Rückblick auf die Freimann Lecture mit Katrin Kogman-Appel
Im November 2024 hielt Prof. Dr. Katrin Kogman-Appel, Professorin für Judaistik an der Universität Münster und Expertin für jüdische Kunst des Mittelalters, die Freimann Lecture of Jewish Cultural History des Seminars für Judaistik, veranstaltet in Kooperation mit dem Forschungszentrum Historische Geisteswissenschaften und „Dynamiken des Religiösen“. Der spannende wie anregende Vortrag widmete sich der mittelalterlichen jüdischen Buchkunst in geteilten Kulturräumen auf der iberischen Halbinsel im 13. und 14. Jahrhundert und zeigte eindrücklich, wie die an verschiedenen Orten Spaniens und Südfrankreichs entstandenen illuminierten hebräischen Bibeln typische Merkmale der islamischen Kunst sowie der gotischen Buchkunst aufweisen und damit ein Zeugnis von den in ihrer jeweiligen Umgebung herrschenden Kulturverflechtungen ablegen. Während der jüngere kulturwissenschaftliche Diskurs solche Phänomene als das Ergebnis transkultureller Verflechtungen interpretiert, verwies Kogman-Appel auf die Bedeutsamkeit physischer Raumkonstellationen in städtischen Nachbarschaften, in denen die Schreiber, Künstler und Auftraggeber lebten, die die Dekorationsschemata der hebräischen Bibeln prägten.

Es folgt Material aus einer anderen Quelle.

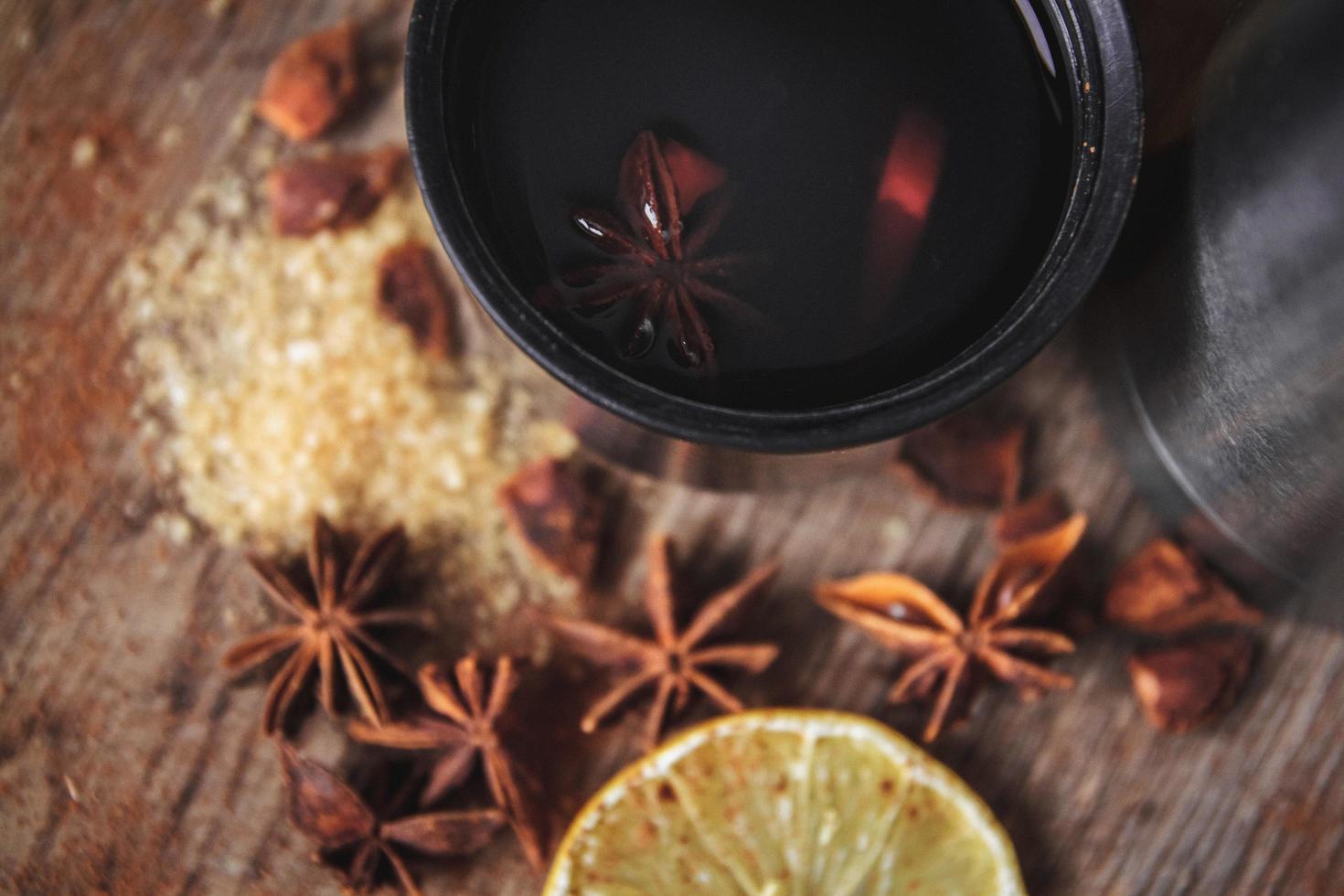 Freshly homemade mulled wine in a bowl on a wooden rusric board photo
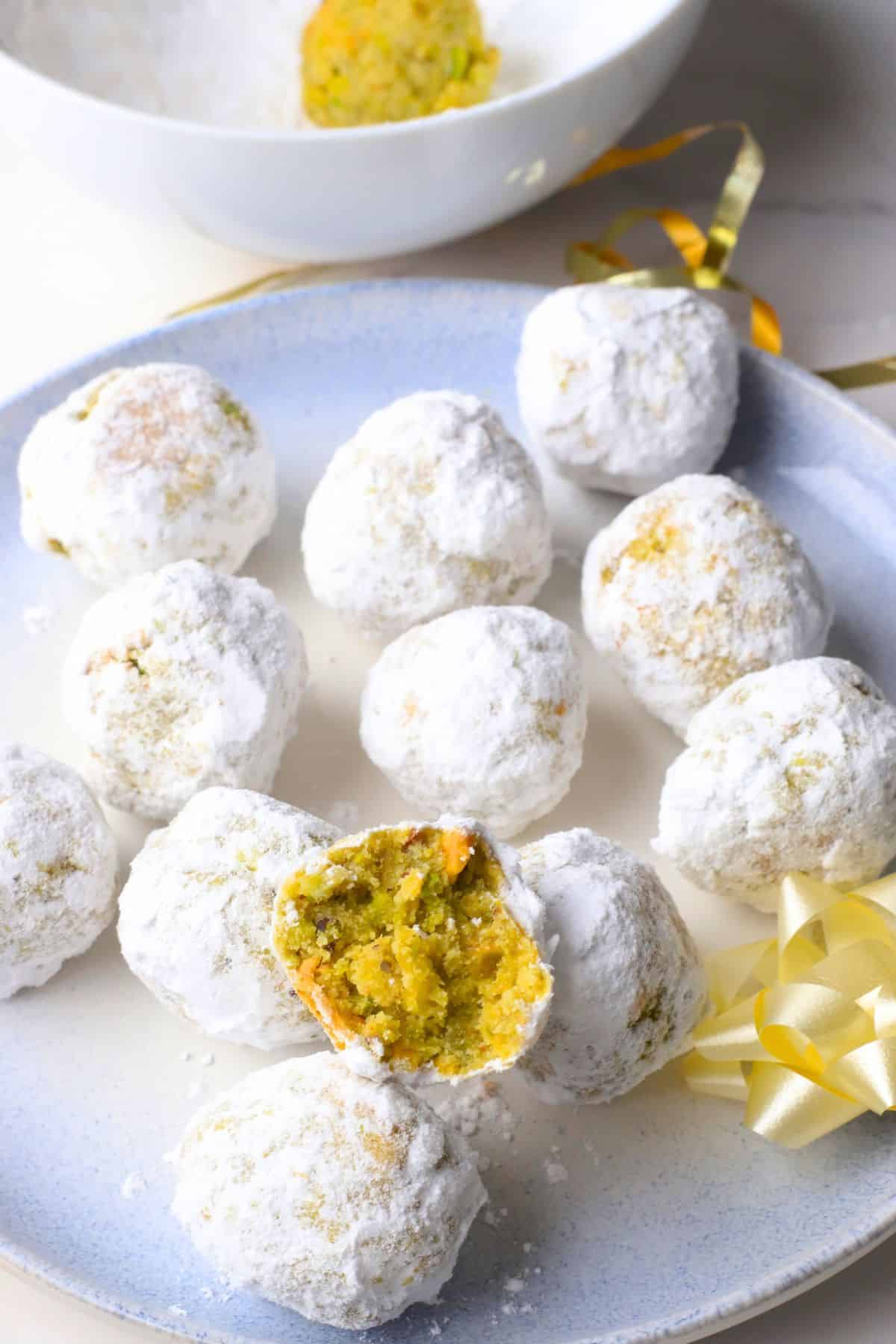 Low carb pistachio snowball cookies on a plate with one cookie with a bite in it.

Die Freimann Lectures bringen jährlich eine/n international führende/n Wissenschaftler:in der Jüdischen Studien nach Frankfurt, um wechselnde Themen auf dem Forschungsfeld der jüdischen Kulturgeschichte zu diskutieren. Neben Anschlusspunkten für ein interdisziplinäres Universitätspublikum und der Weckung des Interesses für jüdische Themen bei Studierenden bringt die Vortragsreihe aktuelle Forschungsthemen gleichzeitig der interessierten Öffentlichkeit des Rhein-Main-Gebiets nahe. Dieser Bildungsauftrag wurde im vergangenen Jahr neben der Förderung durch die Gesellschaft zur Förderung judaistischer Studien in Frankfurt am Main e. V. erstmals von der Stiftung Polytechnische Gesellschaft unterstützt. Der Vortrag von Katrin Kogman-Appel trug nachhaltig dazu bei, einen breiten Diskurs über jüdische Kultur anzuregen, dessen Inhalte und Methoden nicht nur die wissenschaftliche Erforschung verschiedener religiöser und gesellschaftlicher Gruppierungen in historischer Perspektive befruchten, sondern auch unsere Perspektiven auf gegenwärtige gesellschaftliche, politische und kulturelle Entwicklungen wie zum Beispiel Mehrheits-Minderheits-Beziehungen in nachbarschaftlichen Kontexten schärfen können.